When Charlie Beiggs was in business, Sandy Donnelly taught several other grandchildren – Terry, Matt and Lauryn Schkrioba – the restaurant business, as well. Matt is now a sous chef at the Portland Marriot, so she feels like she’s passing on the family tradition.

Because of all the memories, Donnelly rarely ventures into the old Red Sands, which is now Thatcher’s Restaurant, owned by her friend, Dave Garry. But when she does get the urge to return, she often must leave because, “I get so choked up I take food with me lots of times. It bothers me, I love the owners, it’s just me, maybe I wish I was still there,” she said.

While her family is glad to see her not working as much as she used to, Donnelly says the next best thing to owning her own restaurant is hosting at one. She said she’s not the kind to sit at home, and enjoys seeing all the customers she’s gotten to know through the years.
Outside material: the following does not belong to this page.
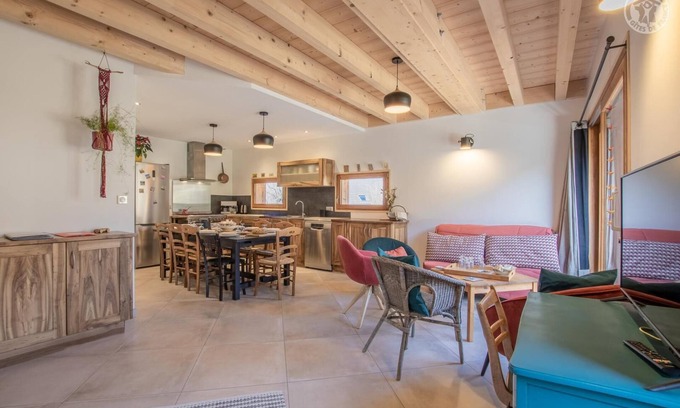 Bellecombe-en-Beauges House | LE Village - Bellecombe EN Bauges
“A lot of the people who ate at Red Sands eat here, which is wonderful,” she said. “The food’s good. The waitresses are good.

“It’s really like a second family. It is, it really is.”
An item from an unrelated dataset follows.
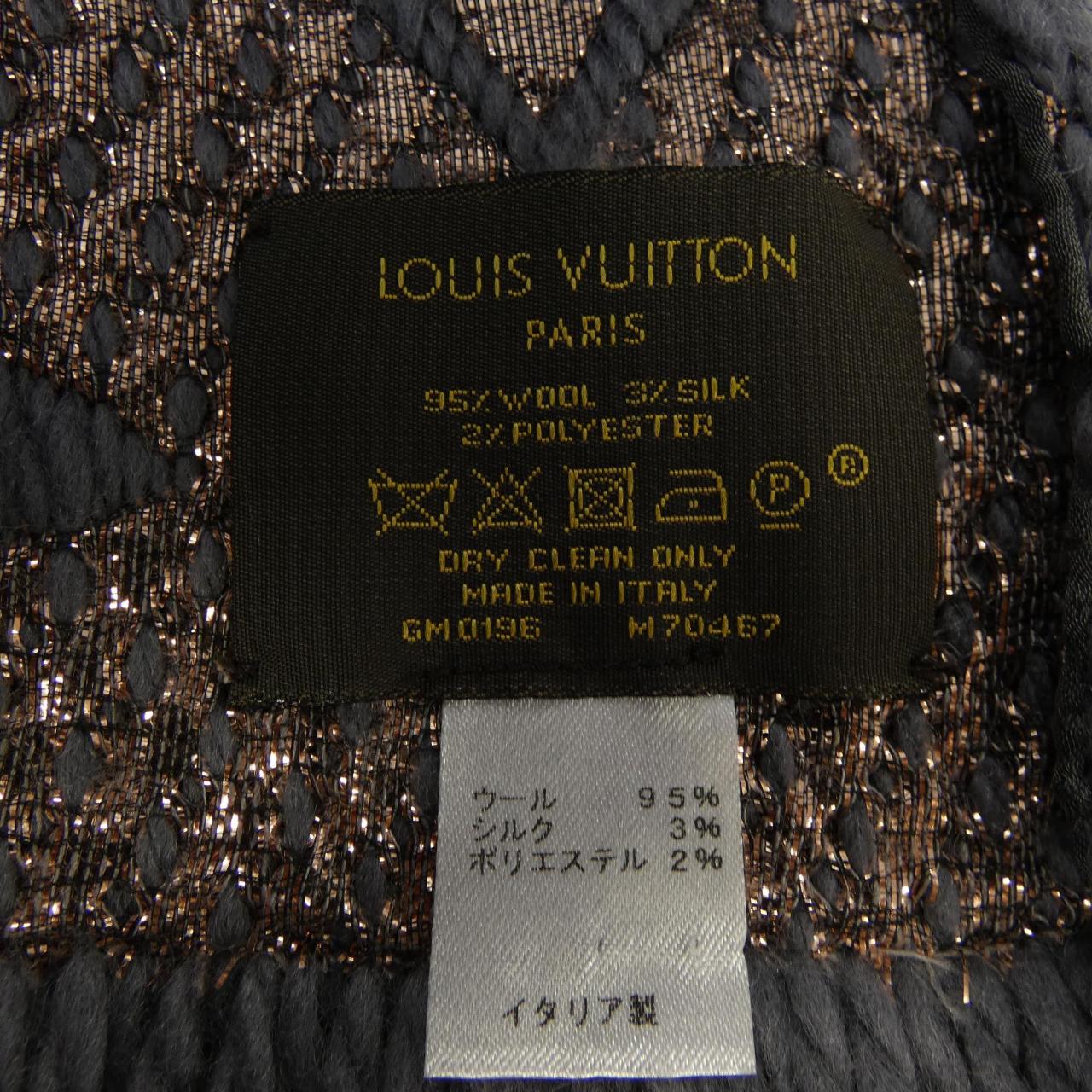 ルイヴィトン LOUIS VUITTON MUFFLER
Sandy Donnelly, pictured behind the grill at the former Red Sands Restaurant, worked from early in the morning to late at night six days a week. Courtesy photo

Red Sands, as it appeared in August 1971 when Red and Sandy Donnelly purchased it from Arthur Kilgore, was located at the intersection of Whites Bridge Road and Route 302 in North Windham. Courtesy photo

Sandy Donnelly, right, stands with her Rustler’s Steak House co-workers, from left, server Jennifer Lauzier, bar manager Julie Kesson, server Shannon Linehan and manager Hayley Osborne. Donnelly, a hostess at Rustler’s, has been working at Windham restaurants for more than 40 years.